Bir türlü içinde bulunduğu soruna çözüm bulamayan hanımiğnesi gözünü karartarak hocayı arar.Çünkü kendisi her zaman bir sorusu olduğunda işin uzmanlarına gitmek konusunda kendisine ilke edinmiştir ve telefon çalar.
-İyi günler hocam,
-İyi günler kızım sana nasıl yardımcı olabilirim
-Hocam ben bir eşeklik ettim
-Ne ettin kızım
-hocam bende her kul gibi bir hata ettim.Bu hatanın kaynağı da açık söylemek gerekirse benim.
-Tamam kızım hatan nedir? Uzunsa eğer ezan okumam lazım,cemaate namaz kıldıracağım istersen sonra ara.
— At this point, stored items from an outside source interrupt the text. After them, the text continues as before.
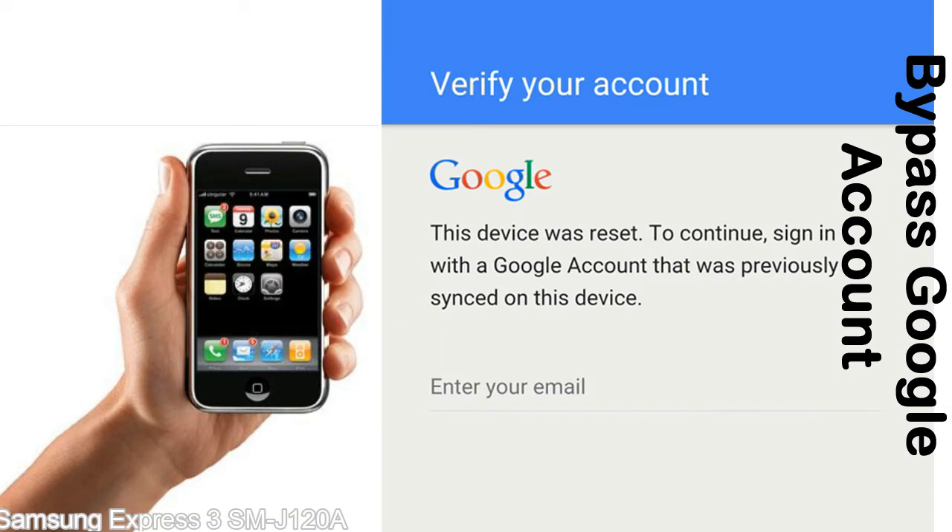This FRP lock is developed by Google, and we provide our FRP unlock solution for free. Today we are providing the methods to unlock FRP lock phones. You can use this solution for almost all FRP lock devices.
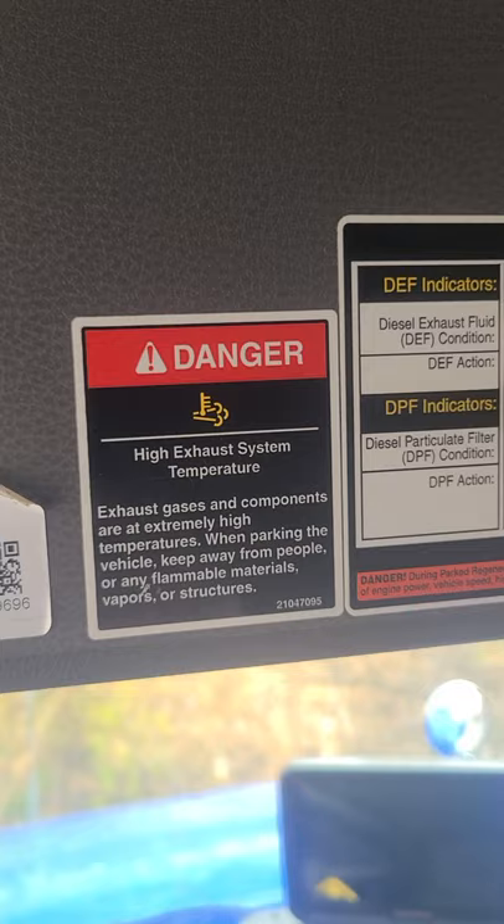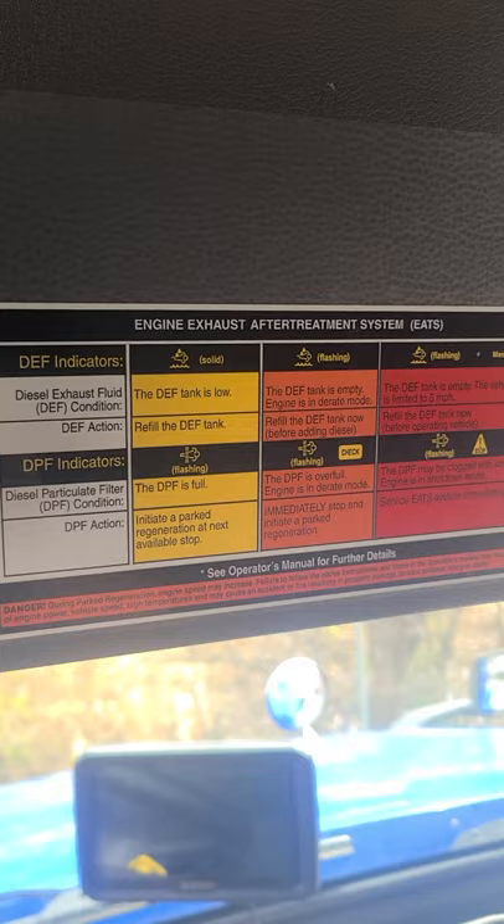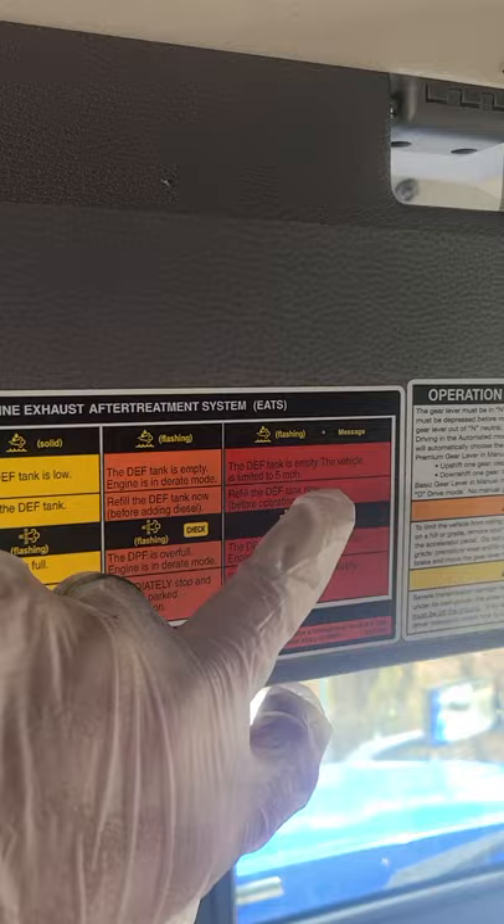We'll start here — this means your exhaust is very high in temperature. Over here, anything with these little raindrops is going to be your DEF fluid: DEF low, DEF empty.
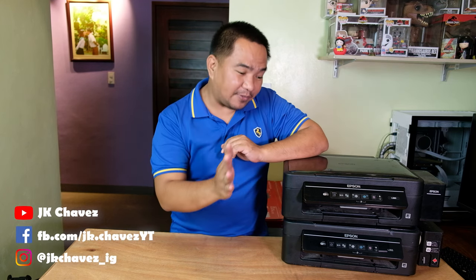Hi guys, welcome to my channel. Today we're going to retire my two Epson printers. These are actually two different models — the first one is the L355 and the other one is the L385.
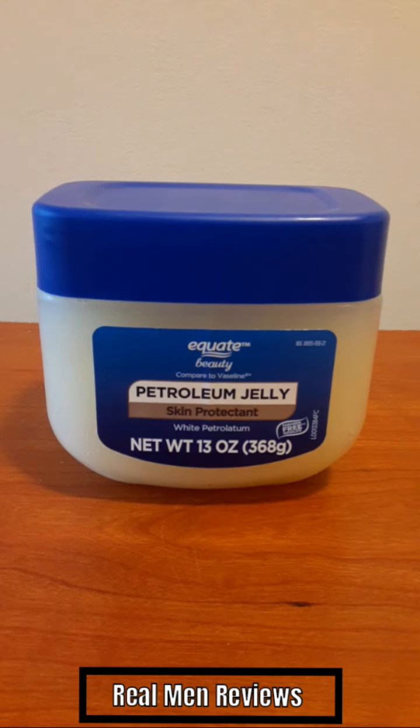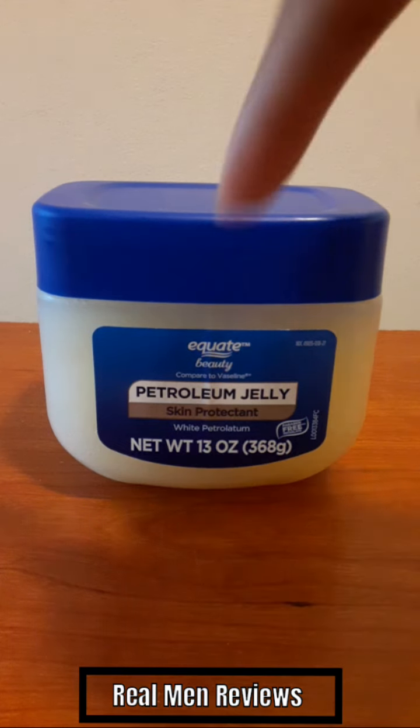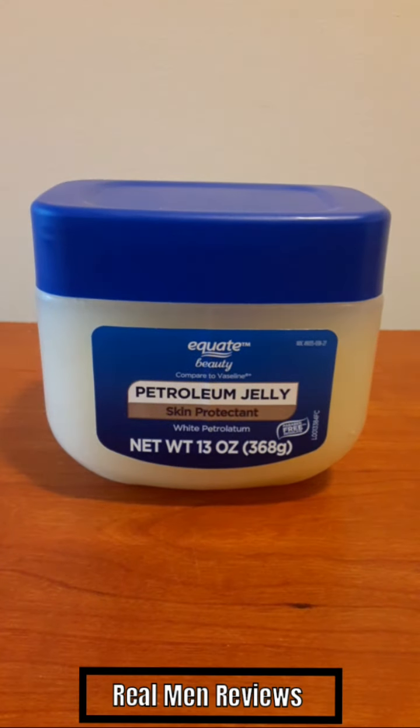This right here is Quite Beauties petroleum jelly — it's a skin protectant. I have mixed skin: certain parts are oily like my forehead, but other parts like my cheeks and around my nose are dry. You can actually use a little bit of this on your finger — just dig your finger in a little bit, get a subtle amount, and then gently move it around your face.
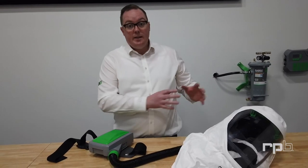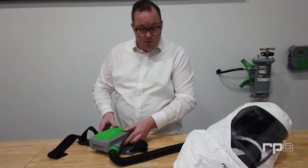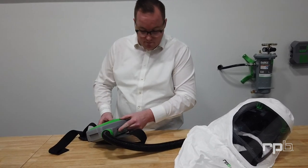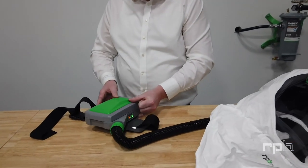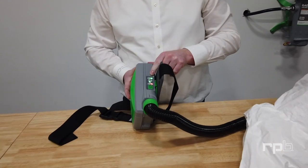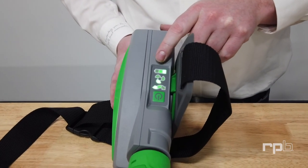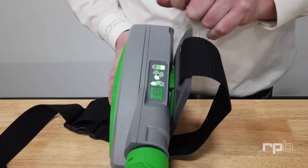Now that you've got the PX5 connected to the T-Link, you can turn it on to have airflow flowing through. When you turn the unit on, check the indicators to ensure that your battery is fully charged and that you're getting good airflow through the filter.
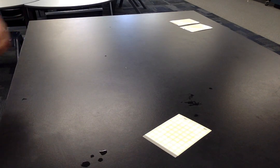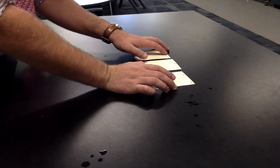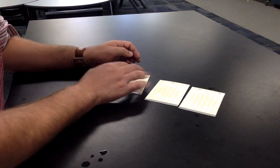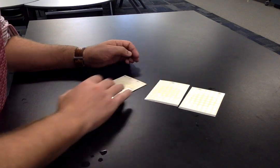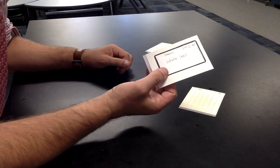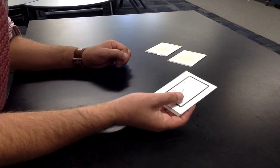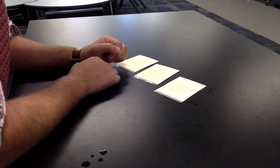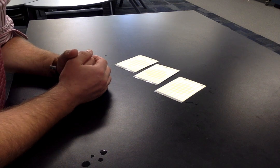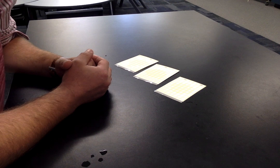Place all three petrifilms into a clean ziplock bag for incubation at 35 degrees Celsius. Results should be available in approximately two days. To recap: we've got three petrifilms — the first is our experimental control, which will go into the incubator along with our whole salad leaf sample and our pre-cut salad leaf sample. We'll be able to count the colonies that grow and make an assessment as to which is cleaner or dirtier. Thank you very much.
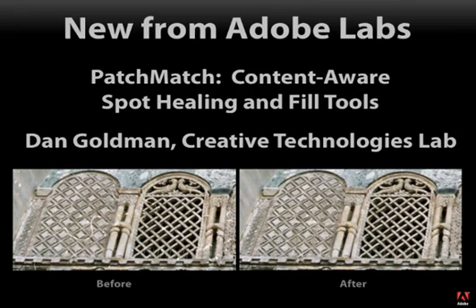Hi, my name is Dan Goldman. I'm a researcher in Adobe's Creative Technologies Lab, and I'm going to show you a new technology for intelligent hole filling that we've been working on with collaborators at Princeton University and University of Washington called PatchMatch. We showed some of this technology in August at the SIGGRAPH conference, but today we're demoing an implementation inside a tool you'll find more familiar.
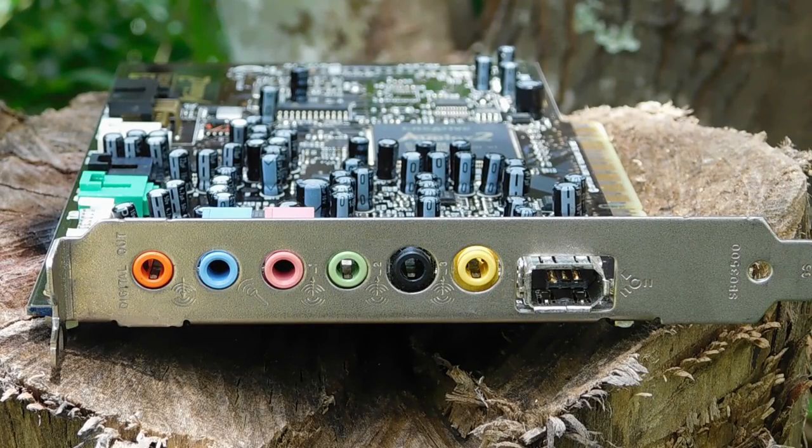One quick thing to note: just like all sound cards, the Audigy 2 does include a mic jack and of course all your other standard audio ports.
-yok hocam yok uzun değil zaten beni bilen bilir lafı uzatmayı sevmeyen biriyim,çarçabuk toparlarım
-iyi peki oldu o zaman dinliyorum
-Hocam aslında en baştan başlamak istiyorum çünkü ne kadar çaresiz kaldım da ettim o hatayı beni anlayın ve konuyu ona göre yorumlayın,yargılamayın ve soruma ona göre cevap verin
-tamam kızım anladım hadi anlat dinliyorum
-Hocam herşey soğuk bir kasım akşamında
-Kızım bu kadar ayrıntıya girmeye gerek var mı?
-ama hocam sizde hep sözümü kesiyorsunuz sonuçta bu olayın soğuk bir o kadar da kasım akşamında olduğunu bilin istedim.Siz her cümlemde böyle araya girerseniz çarçabuk toparlayamam ki
-tamam kızım seni dinliyorum,ama azcık çabuk ol namaz
-Hocam sizin yardımcınız yok mu?
-Ne yardımcısı
-Ne bilim okullarda bir asıl öğretmen birde yardımcı öğretmen oluyor ya .Hani diyorum böyle durumlarda yardımcı hoca kıldırsa namazı sizde benim ve benim gibilere yardımcı olsanız
-Kızım konuya girecek misin
-Şimdi hocam benim tosunum doğduğundan beri
-Tosunu bahçede mi besliyorsunuz
-hocam ne bahçesi çocuk hiç bahçede beslenir mi?evimizin baş köşesinde benim tosunum. Tosun derken oğlumdan bahsediyordum.Oğlum doğduğundan beri baba araba kullanır bende arkada yanında otururdum. Lakin çocuğum araba koltuğunu bebeliğinden beri sevmedi hep koltuktan çıkmak için mücadele etti
-Kızım bu konuşmayı nereye bağlayacaksın çok merak ettim
-Hocam rahat olun inanın bana ben acayip konu bağlarım.Haa ne diyordum sonra yavaş yavaş koltuğu kanıksadı,rahattık yıllardır.Ama yazdan beri tekrar arıza moduna geçti
-Kızım servisi yok mu ki gösteresiniz
-Hocam elektronik eşya mı bu ki
-Ay tamam tamam
-Sonra benim koçum
-Hee tosun senin oğlun ama koçu siz bahçede besleniyorsunuz o zaman
-Hocam yine yanlış anladınız koç dediğim benim eşim.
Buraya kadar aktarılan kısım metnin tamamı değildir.